Why Do Game Developers Need A Political Lobby?
Capitalizing on its improved respectability, the video game industry intends to establish a political action committee to donate money to game-friendly politicians and candidates.
Michael D. Gallagher, chief executive of the Entertainment Software Association, the industry’s lobbying arm in Washington, said last week that the group’s board approved the PAC’s creation last fall and that the committee would be up and running by the end of March. The association represents major game publishers including the Walt Disney Company, Electronic Arts, Microsoft, Nintendo and Sony.
“We will be writing checks to campaigns by the end of this quarter,” Mr. Gallagher said. “This is an important step in the political maturation process of the industry that we are ready to take now. This is about identifying and supporting champions for the game industry on Capitol Hill so that they support us.”
Mr. Gallagher said the PAC would probably donate $50,000 to $100,000 this year to national candidates, an amount he described as commensurate with similar committees associated with the film and music industries. Such political action committees are generally financed personally by industry executives rather than by corporations and under federal law are limited to giving $5,000 to each candidate per election.
The figures are not huge, but Mr. Gallagher, a former Commerce Department official, said such donations are crucial to doing business in Washington by letting politicians know that “we are behind them.”
Mr. Gallagher said his association would not establish or contribute this year to any of the less-regulated political advocacy groups known as 527s, for a section of the federal tax code, saying, “I think that’s a stage down the road.”
But Mr. Gallagher did say that in this election year his association would mobilize the more than 100,000 gamers who have joined the association’s Video Game Voters Network. Like the association and its nascent PAC, the voters group opposes efforts to regulate games more strictly than books, movies and other media.
“If I can walk into the office of a member of Congress and tell them we have 20,000 voters in their state who are already signed up to write letters and act based on game-related issues that concern them, that’s powerful,” he said.
The industry’s new round of muscle-flexing comes as the political and cultural environment for video games has improved significantly.
The high-water mark of political dudgeon about games came in 2005 when scenes of mild sexual provocation were discovered hidden with the code for the game Grand Theft Auto: San Andreas. In the wake of the controversy Senator Hillary Rodham Clinton proposed legislation to increase federal regulation of the game industry.
That proposal, however, found little traction on Capitol Hill. Meanwhile, federal courts have consistently invoked the First Amendment in striking down state attempts to regulate games more strictly than other media.
Now, Senator Clinton has appeared to make peace with the game industry, perhaps recognizing that while games were largely a children’s pastime in the 1980s, those children have now grown up, are voting, and are still enjoying video games.
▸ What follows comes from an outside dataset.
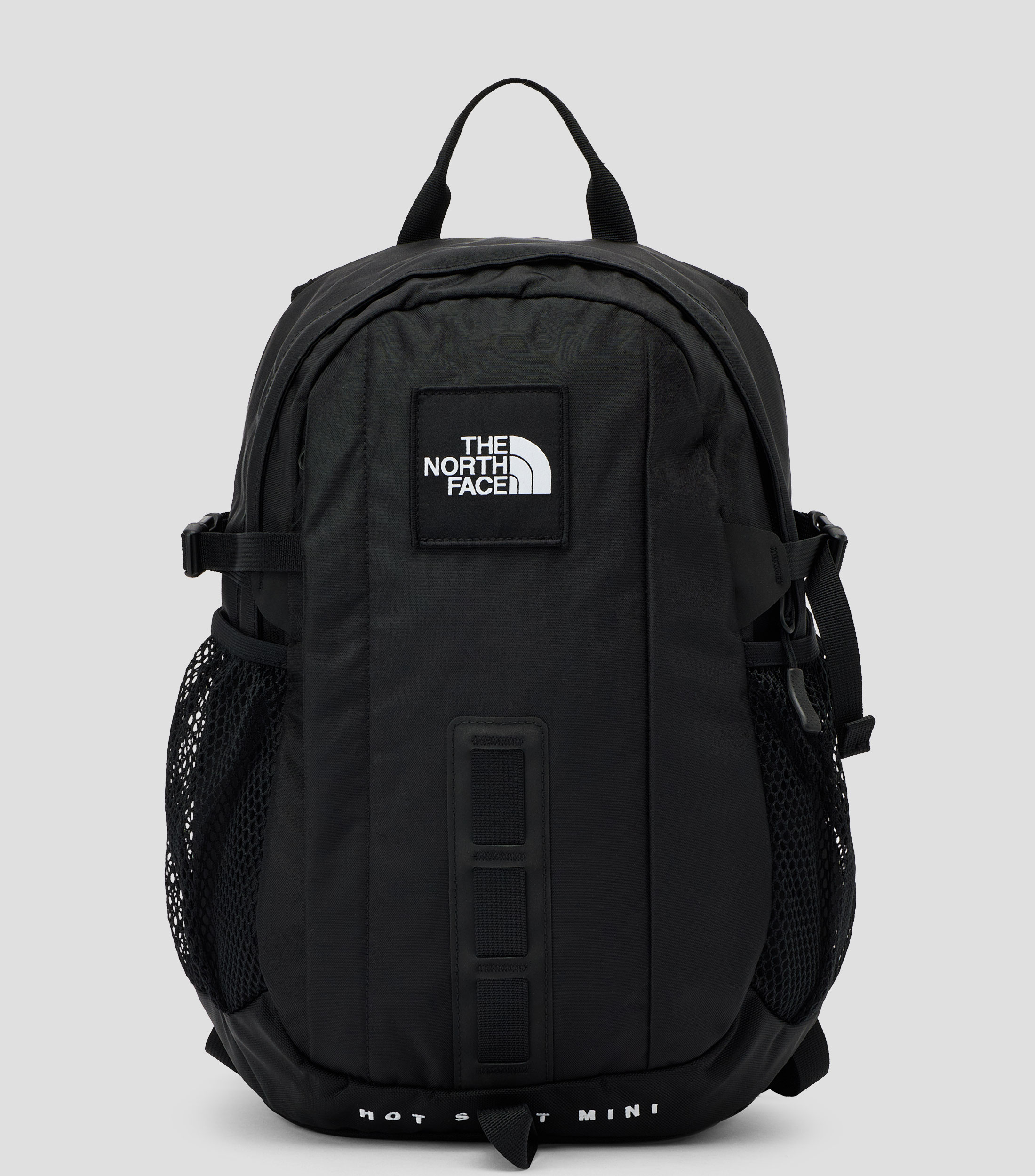 Mochila Hot Shot Mini Hombre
The average age of a gamer is now near 30, according to industry surveys.
“Games are a way that more and more people are spending their leisure time, and you do yourself a disservice as a candidate to attack how people spend that leisure time,” Robert A. Kotick, chairman of Activision, a top independent game publisher, said.
Mr. Kotick described the new PAC as “a great first step” but he cautioned that the film and music industries would still enjoy far more sway in Washington than the game industry, not least because “people like Jeffrey Katzenberg and David Geffen help raise millions of dollars for candidates.” (In any case, the game industry is usually aligned with the music and film industries when it comes to lobbying efforts.)
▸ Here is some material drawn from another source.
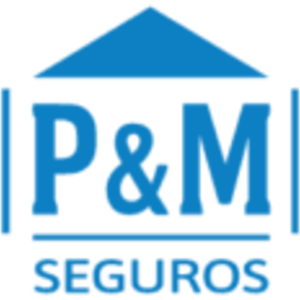 Logo de Pagola & Madorran | Correduría de Seguros en Calahorra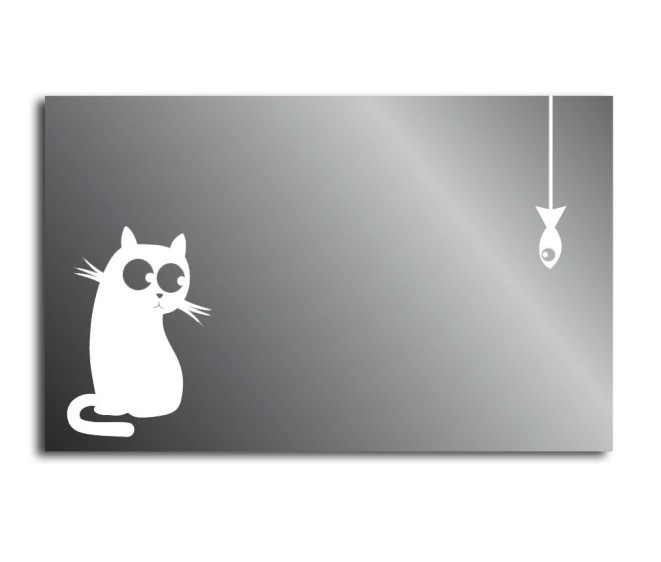 Lustra Łazienkowe - Zdjęcie 4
Along with the evolving political climate, games have also become more accessible and less threatening in the broader culture. Nintendo’s Wii console, introduced in 2006, has been a big part of that shift, drawing in both children and older players with its simple point-and-wave control scheme. Music-oriented game franchises like Dance Dance Revolution and Guitar Hero have become mass-market hits, while middle-aged women have become the top audience for puzzle games like Bookworm.
All of those developments have helped create a much more favorable and tolerant attitude toward video games, both among the general public and politicians. Mr. Gallagher, the game association chief executive, said that 36 members of Congress and about 300 staffers attended a game industry reception in Washington in November.
(For his part, Mr. Gallagher has said that when he was chief of staff for Representative Rick White, a Washington State Republican, in the 1990s he helped program the office PCs to play Doom, the famous first-person shooter game.)
Mr. Gallagher said the Wii was the hit of the reception and helped drive the message that video games are now a form of mainstream entertainment.
“We had one member of Congress who tried golf on the Wii, and he got a birdie on his first hole and an eagle on the second,” Mr. Gallagher said. “We couldn’t get it out of his hands for 20 minutes.”
Mr. Gallagher declined to identify the politician. He also declined to say whether that politician would be a likely recipient of a donation from the game industry’s new PAC.